▶ Goal of the exercise
Starting at the first line of the listing below, repeat each line exactly until you have repeated the one containing "Oven door and storage"; skip the pictures.

====================

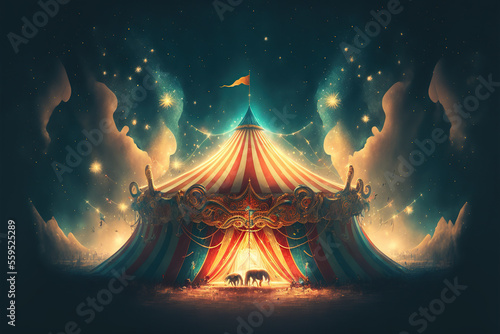 adorable circus, beautiful light, fantasy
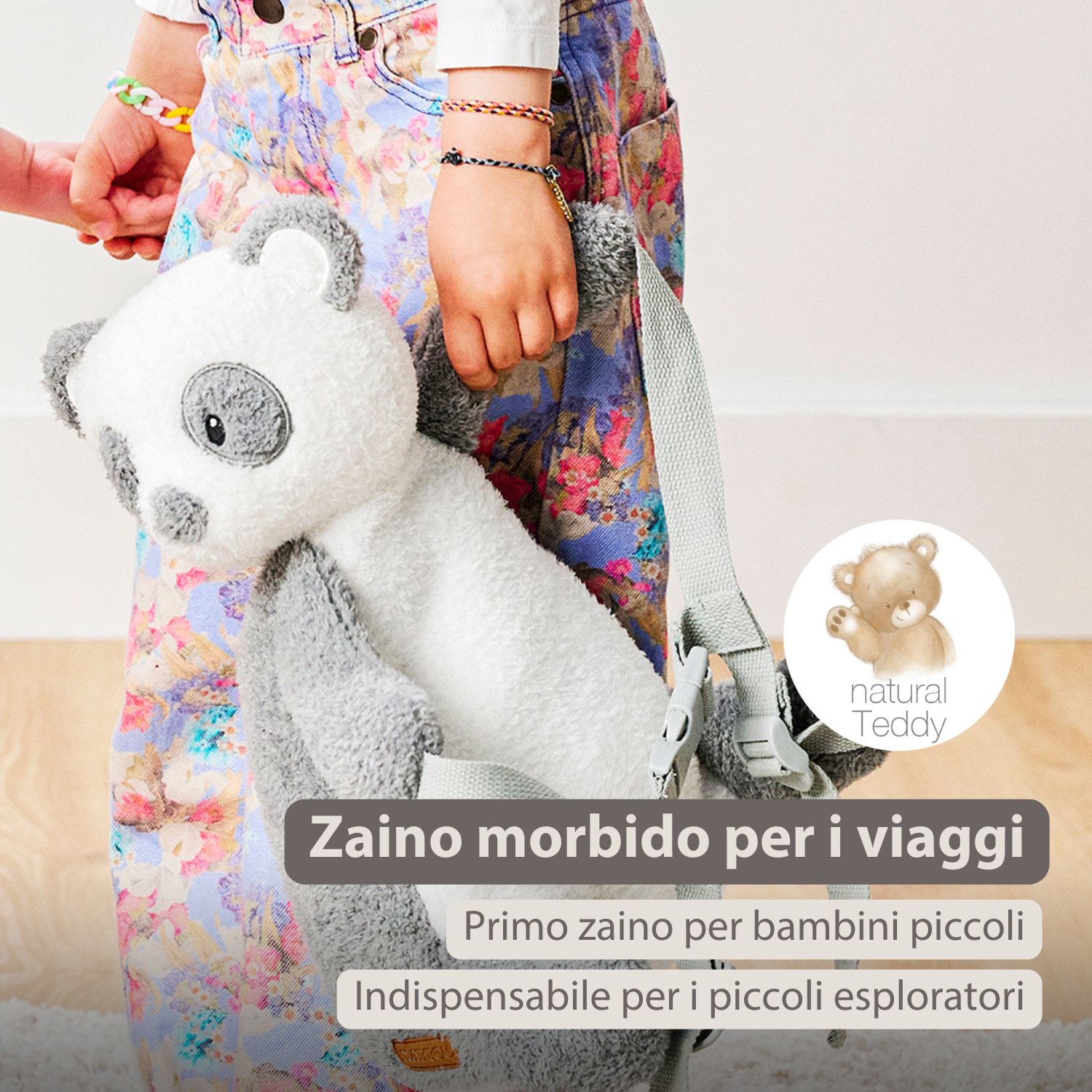 TEDDY Plush Backpack – 30 cm – Toddler School Bag – Soft Panda Backpack – Grey & White [IT]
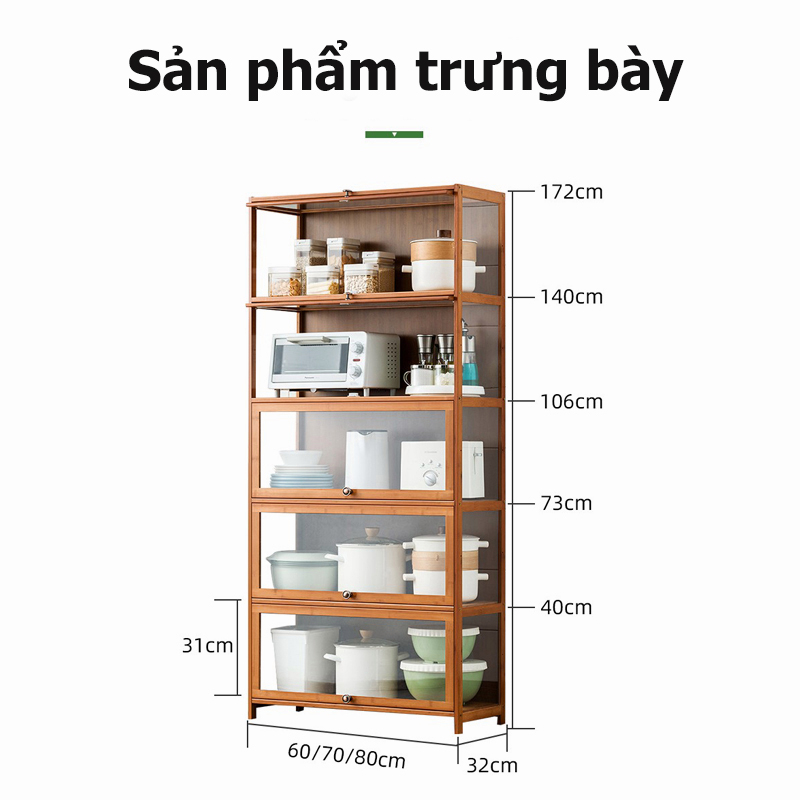 Woodland Kệ đựng đồ nhà bếp nhiều lớp giá đựng đồ lò vi sóng tủ đựng đồ gia vị bát đĩa nồi cơm gia dụng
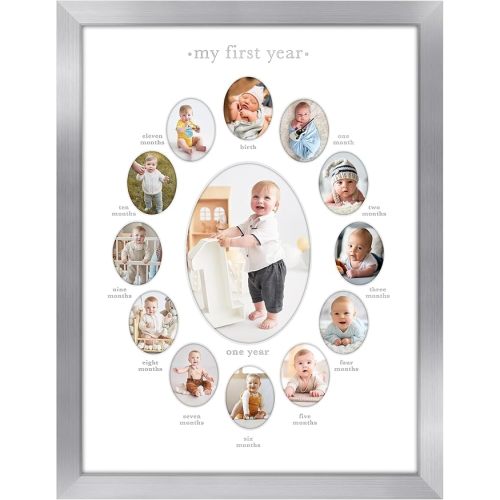 Americanflat 12x16 First Year Photo Frame with Shatter-Resistant Glass - Fits Twelve 2x3 Photos and One 5x7 Picture - Collage Frame for Nursery Decor, Newborn Mom Gift or Baby Shower- Silver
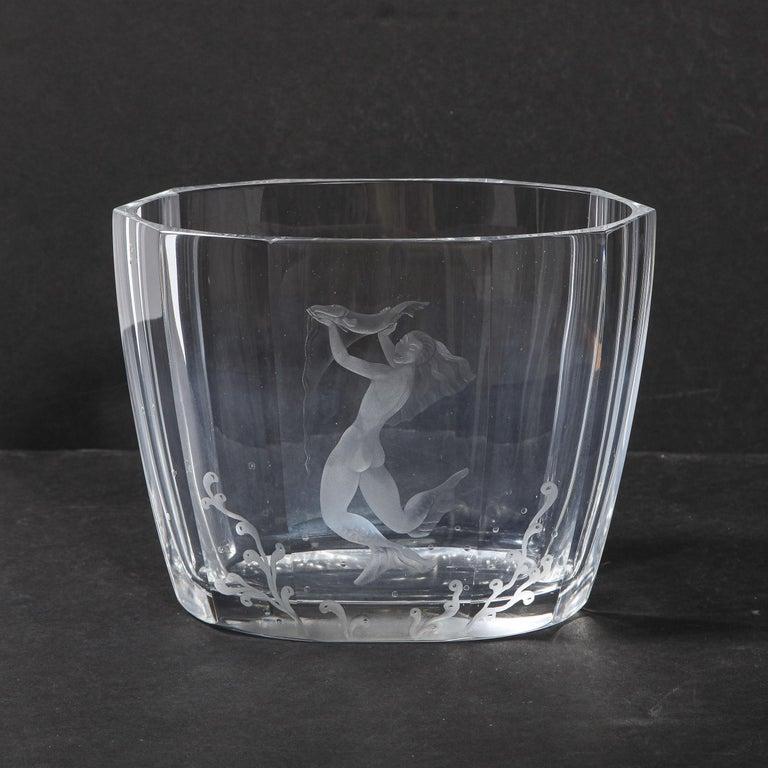 Mid-20th Century Mid-Century Modern Faceted Acid Etched Mermaid Vase Sven Palmquist for Orrefors For Sale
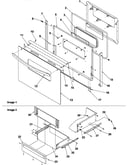 Oven door and storage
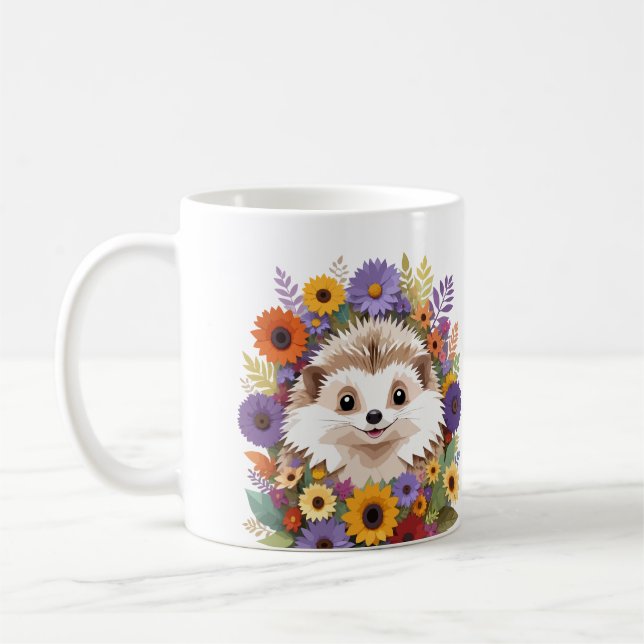 Hedgehog Playful Adorable Fun Animal Colourful Coo Coffee Mug (Left)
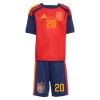 Maillot de Supporter Espagne Pedri 20 Domicile Coupe du Monde 2026 Pour Enfant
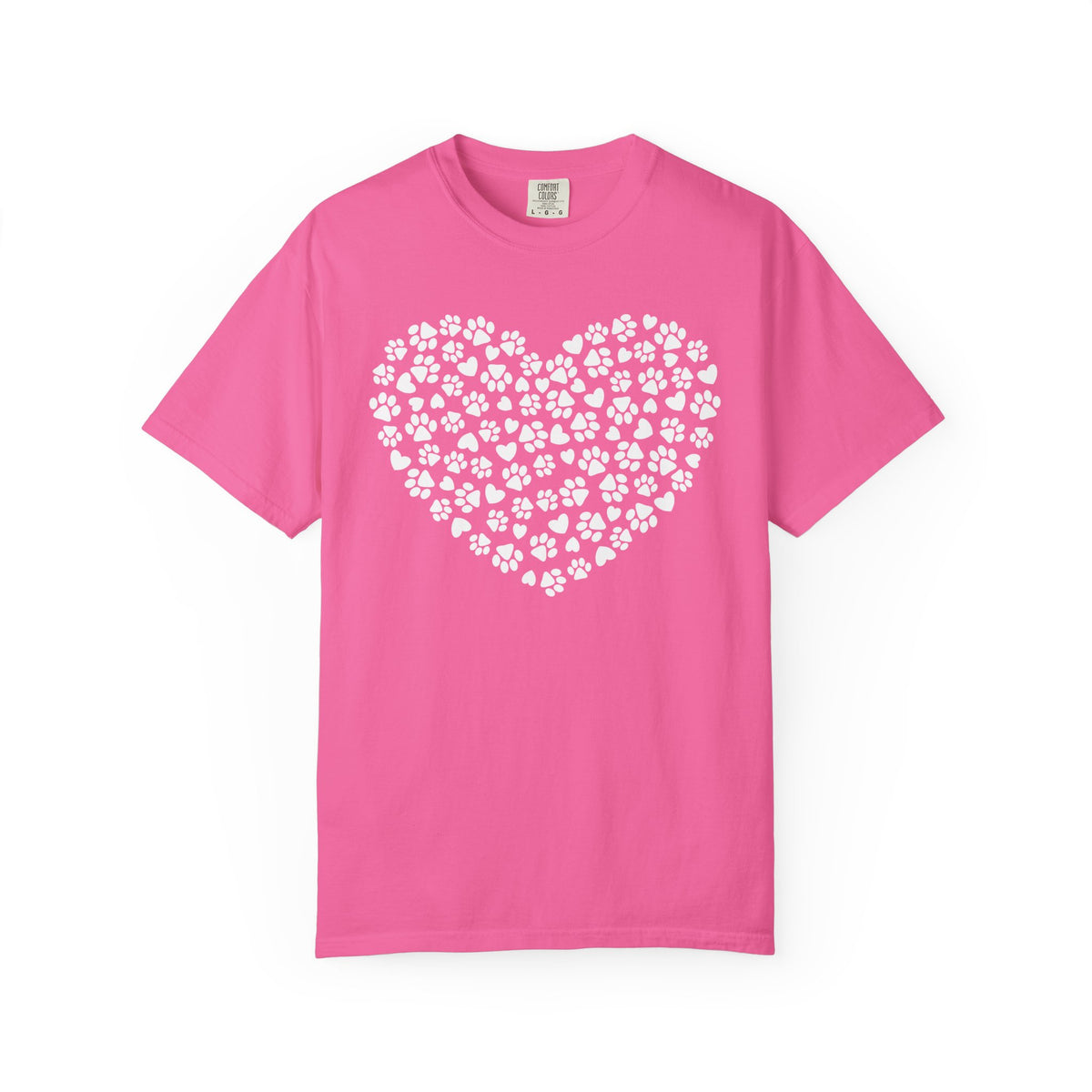 Dog Paw Heart - Comfort Colors | Trendy Women's T-Shirt. Direct to Garment. Printed & Shipped in the USA. Unisex Sizes.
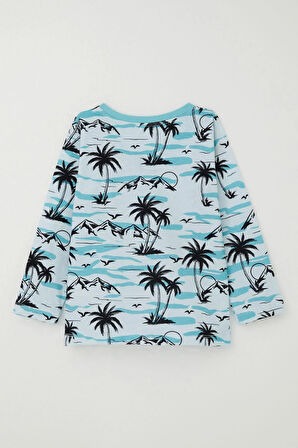 Breeze Erkek Bebek Pijama Takımı Palmiye Ağacı Desenli 9 Ay-3 Yaş, Açık Mavi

====================

▶ Solution for this task
 adorable circus, beautiful light, fantasy
 TEDDY Plush Backpack – 30 cm – Toddler School Bag – Soft Panda Backpack – Grey & White [IT]
 Woodland Kệ đựng đồ nhà bếp nhiều lớp giá đựng đồ lò vi sóng tủ đựng đồ gia vị bát đĩa nồi cơm gia dụng
 Americanflat 12x16 First Year Photo Frame with Shatter-Resistant Glass - Fits Twelve 2x3 Photos and One 5x7 Picture - Collage Frame for Nursery Decor, Newborn Mom Gift or Baby Shower- Silver
 Mid-20th Century Mid-Century Modern Faceted Acid Etched Mermaid Vase Sven Palmquist for Orrefors For Sale
 Oven door and storage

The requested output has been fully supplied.